Stored items from a collection:
· · · · ·

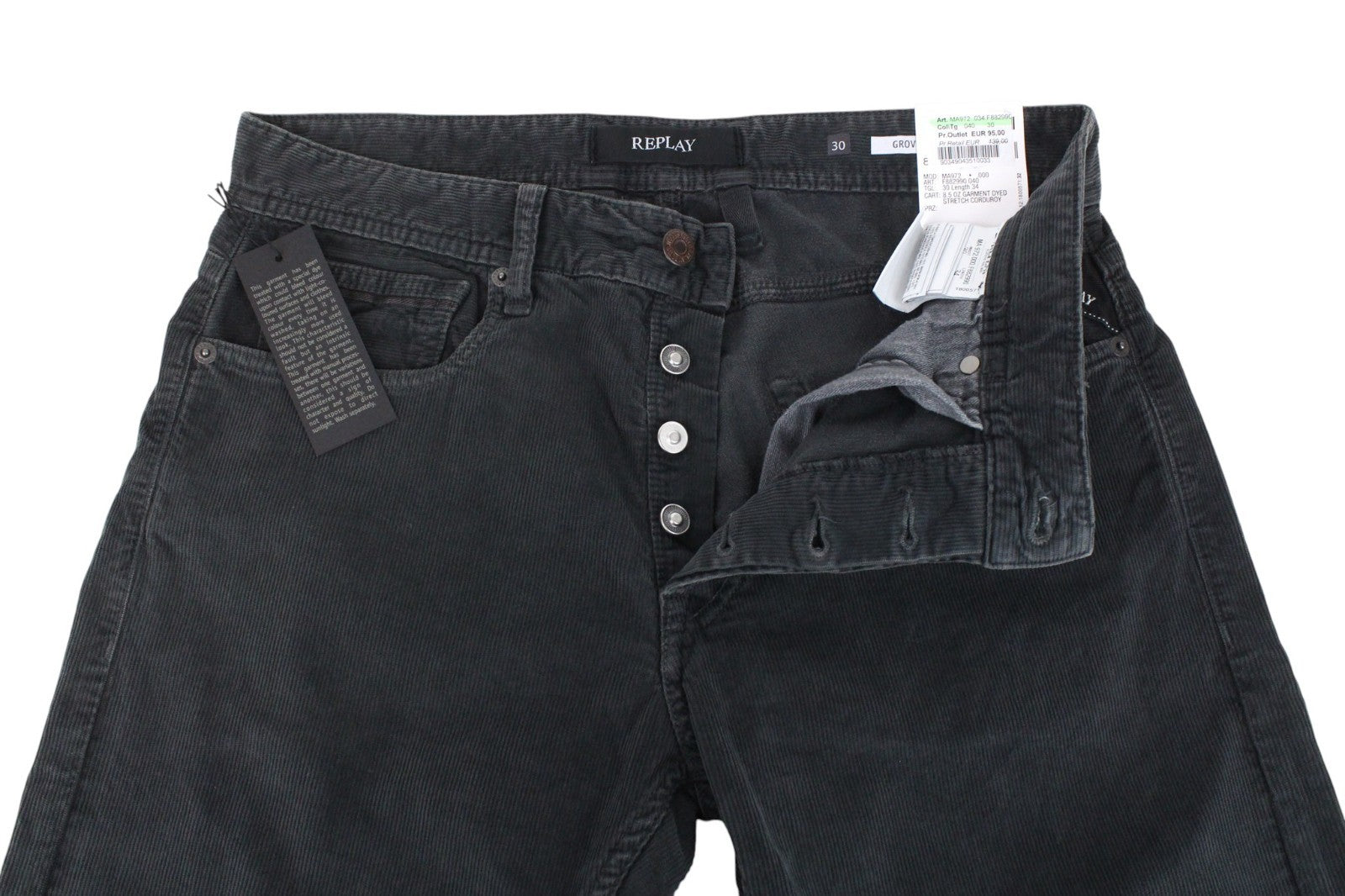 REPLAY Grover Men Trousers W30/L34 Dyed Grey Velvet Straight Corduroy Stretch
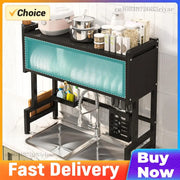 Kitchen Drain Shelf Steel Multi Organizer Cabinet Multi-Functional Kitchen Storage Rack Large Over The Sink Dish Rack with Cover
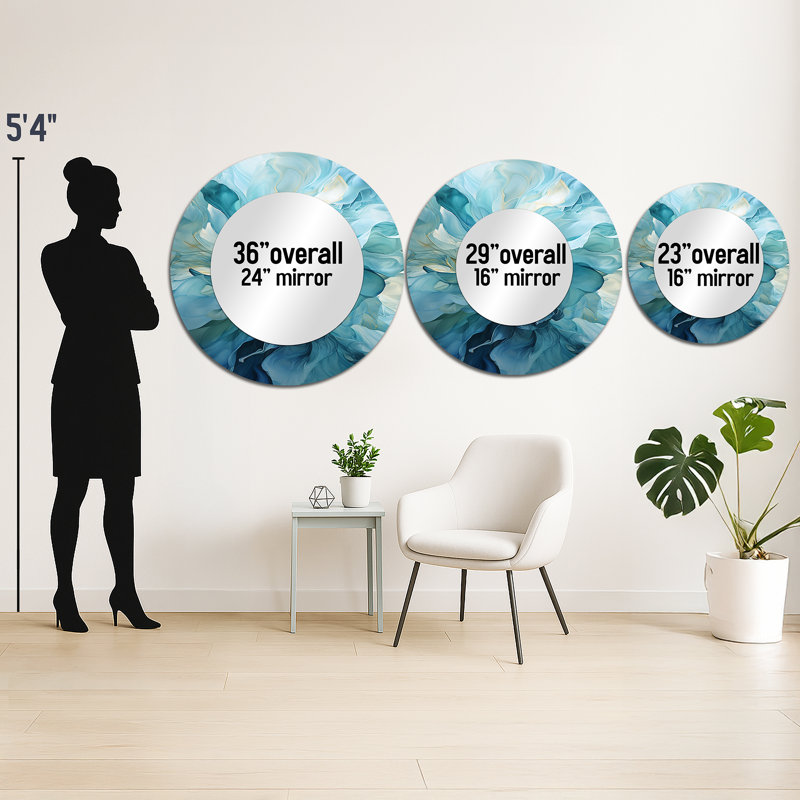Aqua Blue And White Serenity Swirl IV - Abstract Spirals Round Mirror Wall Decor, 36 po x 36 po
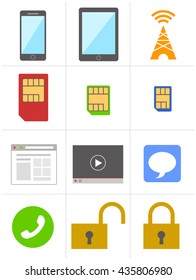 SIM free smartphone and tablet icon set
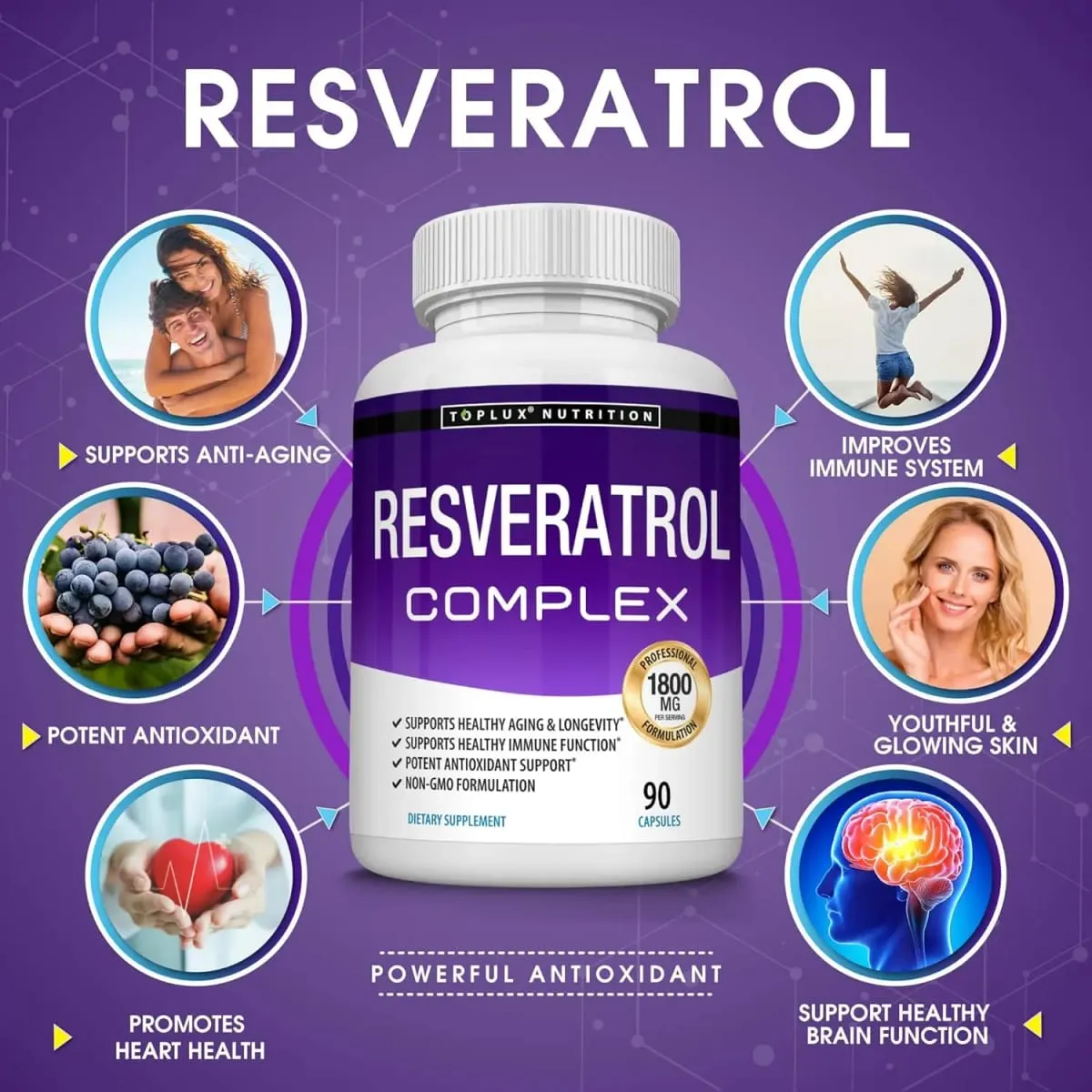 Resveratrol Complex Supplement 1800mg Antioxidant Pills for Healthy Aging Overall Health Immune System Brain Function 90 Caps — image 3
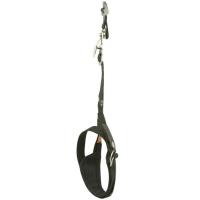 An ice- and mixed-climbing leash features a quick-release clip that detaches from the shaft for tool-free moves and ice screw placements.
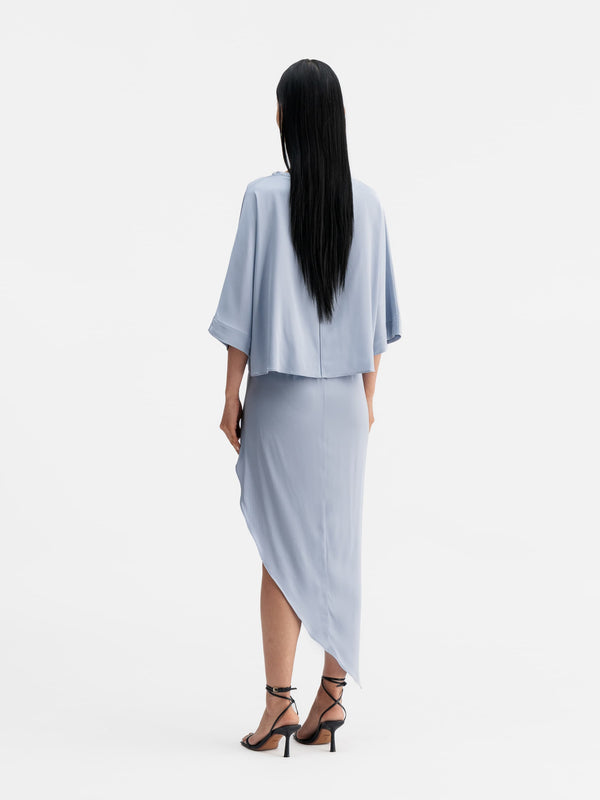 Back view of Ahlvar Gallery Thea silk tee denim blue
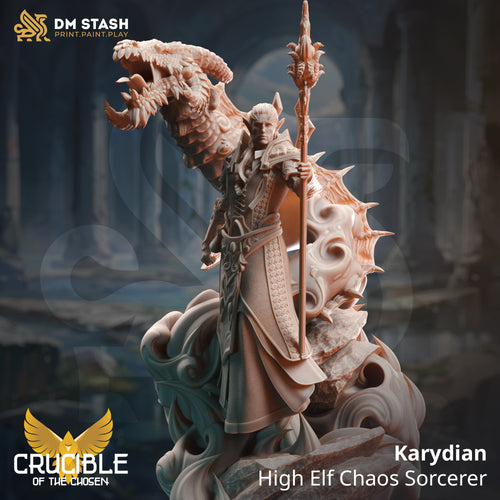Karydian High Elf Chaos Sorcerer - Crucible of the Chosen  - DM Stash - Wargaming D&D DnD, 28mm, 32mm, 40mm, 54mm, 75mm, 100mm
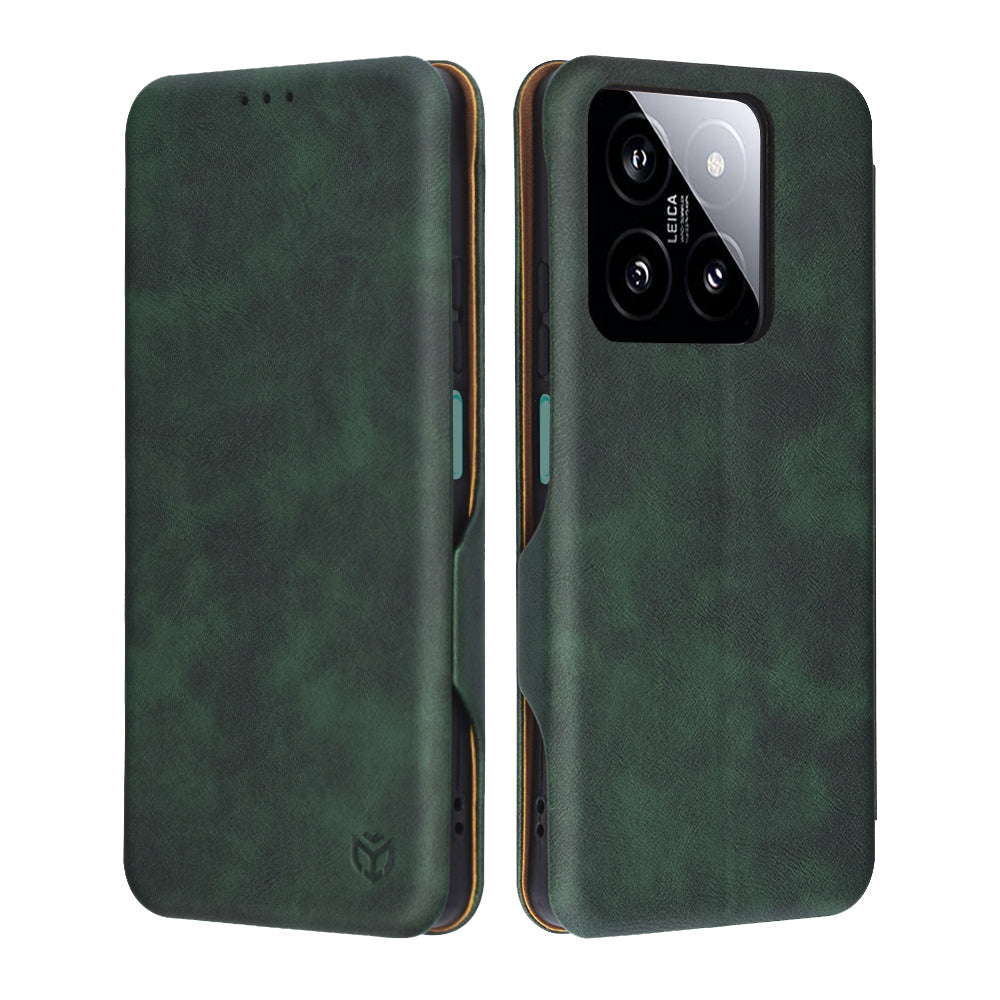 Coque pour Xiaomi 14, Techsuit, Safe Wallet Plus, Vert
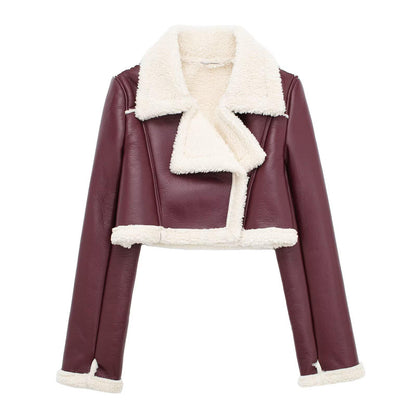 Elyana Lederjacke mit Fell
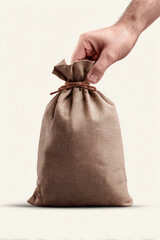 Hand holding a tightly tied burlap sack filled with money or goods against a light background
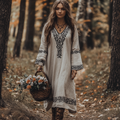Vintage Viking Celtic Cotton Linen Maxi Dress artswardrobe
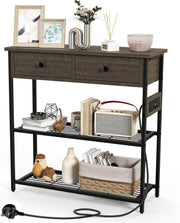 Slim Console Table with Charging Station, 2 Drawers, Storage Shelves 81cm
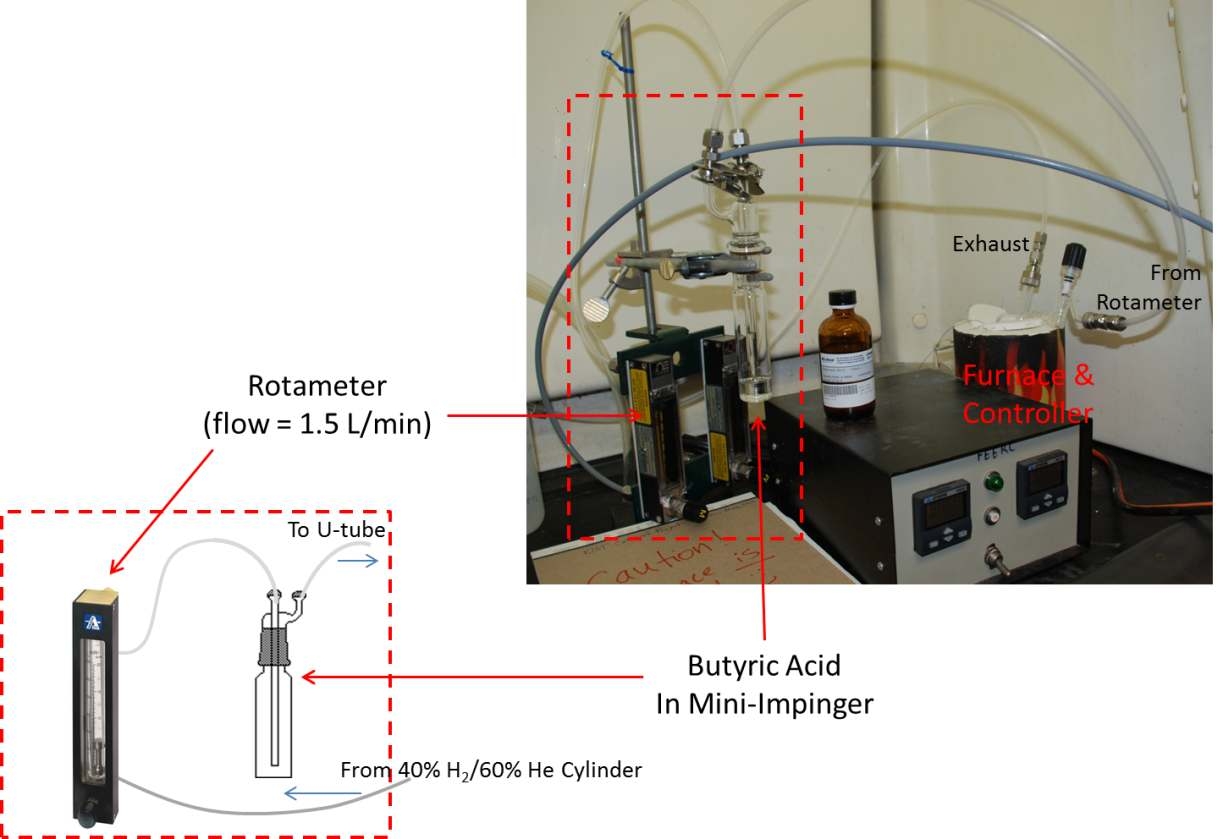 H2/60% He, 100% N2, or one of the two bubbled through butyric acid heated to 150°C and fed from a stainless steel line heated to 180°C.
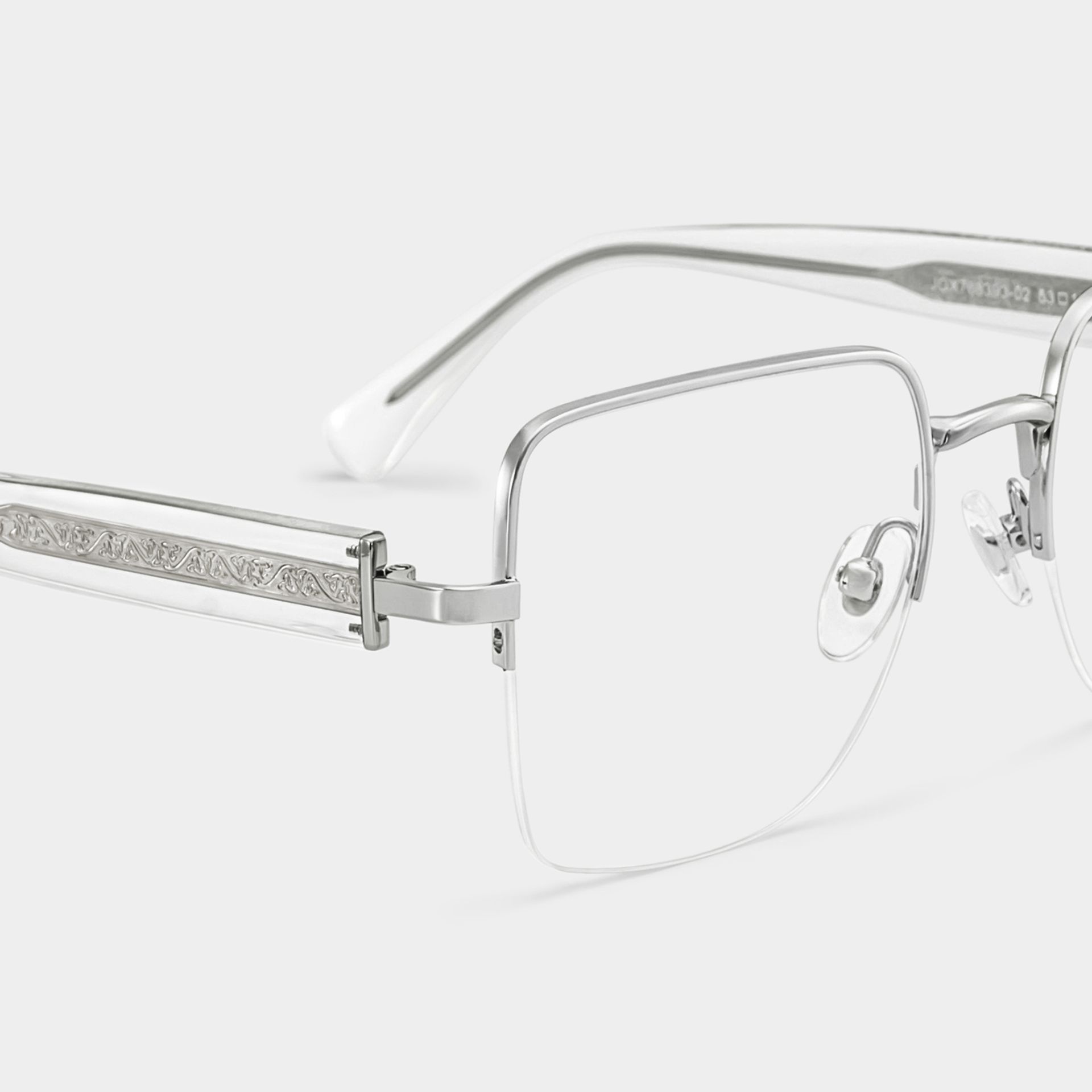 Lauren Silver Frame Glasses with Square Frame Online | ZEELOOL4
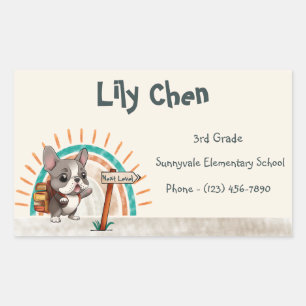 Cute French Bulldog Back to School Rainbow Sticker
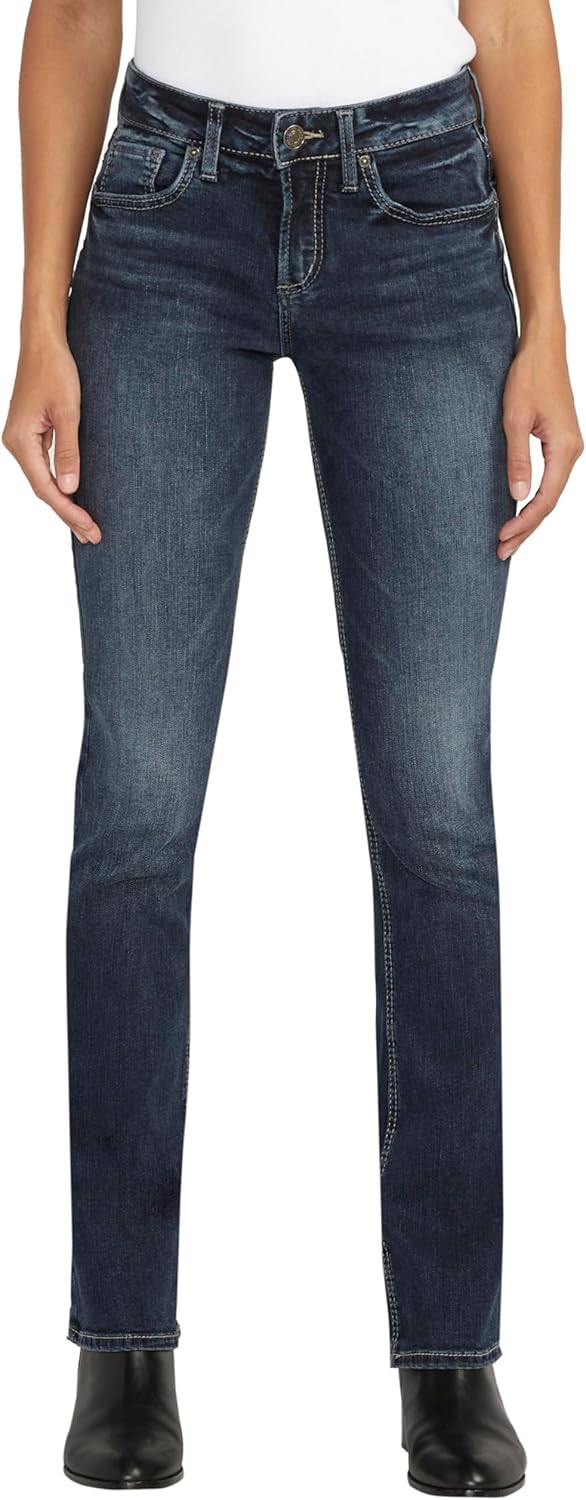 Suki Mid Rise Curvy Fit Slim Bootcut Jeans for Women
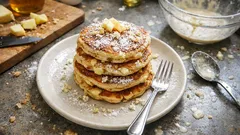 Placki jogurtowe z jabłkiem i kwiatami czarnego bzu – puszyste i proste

· · · · ·

What this task involves:
Beginning with the line with "SIM free smartphone and tablet icon set", repeat the entries above exactly, up to and including the last line, leaving out pictures.

Answer area:
 SIM free smartphone and tablet icon set
 Resveratrol Complex Supplement 1800mg Antioxidant Pills for Healthy Aging Overall Health Immune System Brain Function 90 Caps — image 3
 An ice- and mixed-climbing leash features a quick-release clip that detaches from the shaft for tool-free moves and ice screw placements.
 Back view of Ahlvar Gallery Thea silk tee denim blue
Karydian High Elf Chaos Sorcerer - Crucible of the Chosen  - DM Stash - Wargaming D&D DnD, 28mm, 32mm, 40mm, 54mm, 75mm, 100mm
 Coque pour Xiaomi 14, Techsuit, Safe Wallet Plus, Vert
 Elyana Lederjacke mit Fell
 Hand holding a tightly tied burlap sack filled with money or goods against a light background
Vintage Viking Celtic Cotton Linen Maxi Dress artswardrobe
 Slim Console Table with Charging Station, 2 Drawers, Storage Shelves 81cm
 H2/60% He, 100% N2, or one of the two bubbled through butyric acid heated to 150°C and fed from a stainless steel line heated to 180°C.
 Lauren Silver Frame Glasses with Square Frame Online | ZEELOOL4
 Cute French Bulldog Back to School Rainbow Sticker
 Suki Mid Rise Curvy Fit Slim Bootcut Jeans for Women
 Placki jogurtowe z jabłkiem i kwiatami czarnego bzu – puszyste i proste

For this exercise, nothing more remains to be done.